At about two the next morning, they crunched into a reef, driving a hole through the bow. The boat began to founder but in the moonlight they could see a crescent of sandy beach not far away. It was Java. Stumbling across the rocks, carrying their wounded as gently as they could, they staggered ashore and collapsed, where they slept until the sun woke them. Stoker Claude Maslem, a 25-year-old from Manly in Sydney, shockingly burned, had died in the night. They dug a grave in the sand and buried him with a few words from the padre – a sad little ceremony under the coconut palms.
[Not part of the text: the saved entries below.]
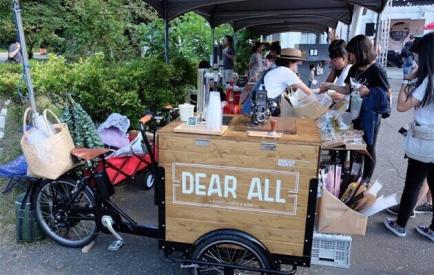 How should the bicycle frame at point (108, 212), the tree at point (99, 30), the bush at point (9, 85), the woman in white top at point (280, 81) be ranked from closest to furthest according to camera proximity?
1. the bicycle frame at point (108, 212)
2. the woman in white top at point (280, 81)
3. the bush at point (9, 85)
4. the tree at point (99, 30)

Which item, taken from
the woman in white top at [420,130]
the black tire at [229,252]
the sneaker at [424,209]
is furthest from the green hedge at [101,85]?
the sneaker at [424,209]

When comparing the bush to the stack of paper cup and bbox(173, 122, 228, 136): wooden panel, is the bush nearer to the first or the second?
bbox(173, 122, 228, 136): wooden panel

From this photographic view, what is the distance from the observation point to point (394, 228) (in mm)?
3303

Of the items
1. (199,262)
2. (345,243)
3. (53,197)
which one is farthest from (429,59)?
(53,197)

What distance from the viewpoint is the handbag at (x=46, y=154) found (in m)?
2.68

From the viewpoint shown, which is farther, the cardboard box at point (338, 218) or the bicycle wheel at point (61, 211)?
the bicycle wheel at point (61, 211)

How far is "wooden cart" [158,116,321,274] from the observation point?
2.10 meters

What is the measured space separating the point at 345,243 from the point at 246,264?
675 millimetres

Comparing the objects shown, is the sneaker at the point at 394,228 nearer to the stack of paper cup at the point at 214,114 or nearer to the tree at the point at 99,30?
the stack of paper cup at the point at 214,114

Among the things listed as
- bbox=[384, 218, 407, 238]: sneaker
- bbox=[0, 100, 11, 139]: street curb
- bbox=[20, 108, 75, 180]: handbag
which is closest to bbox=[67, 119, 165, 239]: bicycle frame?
bbox=[20, 108, 75, 180]: handbag

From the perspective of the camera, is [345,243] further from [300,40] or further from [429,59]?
[300,40]

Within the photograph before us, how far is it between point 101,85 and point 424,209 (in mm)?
3851

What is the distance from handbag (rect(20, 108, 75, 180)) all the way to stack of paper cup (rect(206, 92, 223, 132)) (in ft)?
4.24

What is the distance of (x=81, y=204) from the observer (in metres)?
2.96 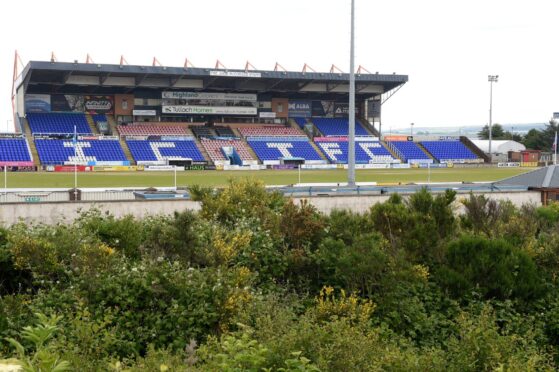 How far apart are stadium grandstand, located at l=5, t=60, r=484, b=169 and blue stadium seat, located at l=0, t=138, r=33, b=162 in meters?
0.11

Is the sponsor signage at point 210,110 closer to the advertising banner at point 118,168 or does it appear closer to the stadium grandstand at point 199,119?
the stadium grandstand at point 199,119

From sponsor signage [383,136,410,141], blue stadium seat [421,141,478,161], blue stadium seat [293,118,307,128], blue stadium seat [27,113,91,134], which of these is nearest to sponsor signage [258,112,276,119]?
blue stadium seat [293,118,307,128]

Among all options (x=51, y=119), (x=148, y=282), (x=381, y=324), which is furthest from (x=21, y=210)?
(x=51, y=119)

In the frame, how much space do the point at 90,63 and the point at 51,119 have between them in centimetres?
1090

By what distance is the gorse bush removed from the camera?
1061 cm

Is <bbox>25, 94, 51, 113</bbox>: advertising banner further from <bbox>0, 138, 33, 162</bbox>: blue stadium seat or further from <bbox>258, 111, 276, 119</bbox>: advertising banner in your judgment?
<bbox>258, 111, 276, 119</bbox>: advertising banner

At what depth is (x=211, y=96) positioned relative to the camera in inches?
3568

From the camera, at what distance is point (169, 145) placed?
8394cm

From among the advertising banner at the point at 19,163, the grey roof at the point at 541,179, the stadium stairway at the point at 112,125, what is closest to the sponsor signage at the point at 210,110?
the stadium stairway at the point at 112,125

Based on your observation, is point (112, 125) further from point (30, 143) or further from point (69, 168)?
point (69, 168)

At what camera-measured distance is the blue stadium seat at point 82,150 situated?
7469cm

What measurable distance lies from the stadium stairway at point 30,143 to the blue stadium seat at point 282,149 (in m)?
26.9

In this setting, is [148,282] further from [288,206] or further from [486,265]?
[486,265]

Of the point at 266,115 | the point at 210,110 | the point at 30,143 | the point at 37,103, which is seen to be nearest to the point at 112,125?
the point at 37,103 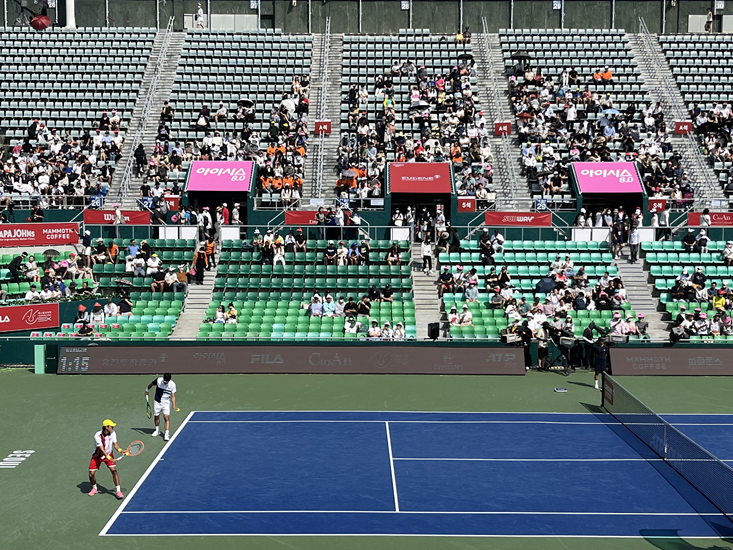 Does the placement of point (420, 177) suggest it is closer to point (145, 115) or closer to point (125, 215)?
point (125, 215)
Things looked up when some Sundanese villagers appeared – teenage boys who nipped up some palms and tossed down coconuts, which they opened with their
parangs
, the big, curved Malay knife. Ravenous, the Australians drank the sweet milk and scooped out the slippery white flesh. After some debate, they decided to form two groups and head in different directions to seek help for the wounded, who would wait on the beach.

Fred Skeels's group, about 20 of them, including Gillan and Mathieson, trudged south along a baking bitumen road with rice fields and green hills rising to their left, the strait on their right. They hoped they might come across some Dutch troops who were still in the fight. Gillan was nominally in charge, but, still blind from the fuel oil, he had to be helped along in the heat and dust. Petty Officer Stoker Bill Hogman guided him like a loving father with a sick child, picking him up when he stumbled. After a few hours, they came to a village first-aid
post, where, to their gratitude, a Dutch woman bathed their eyes and found some sarongs for the naked men to wrap around their loins. She had no food, but she advised them to head into the hills, where they might be safer. That night, they fell asleep hungry by the roadside.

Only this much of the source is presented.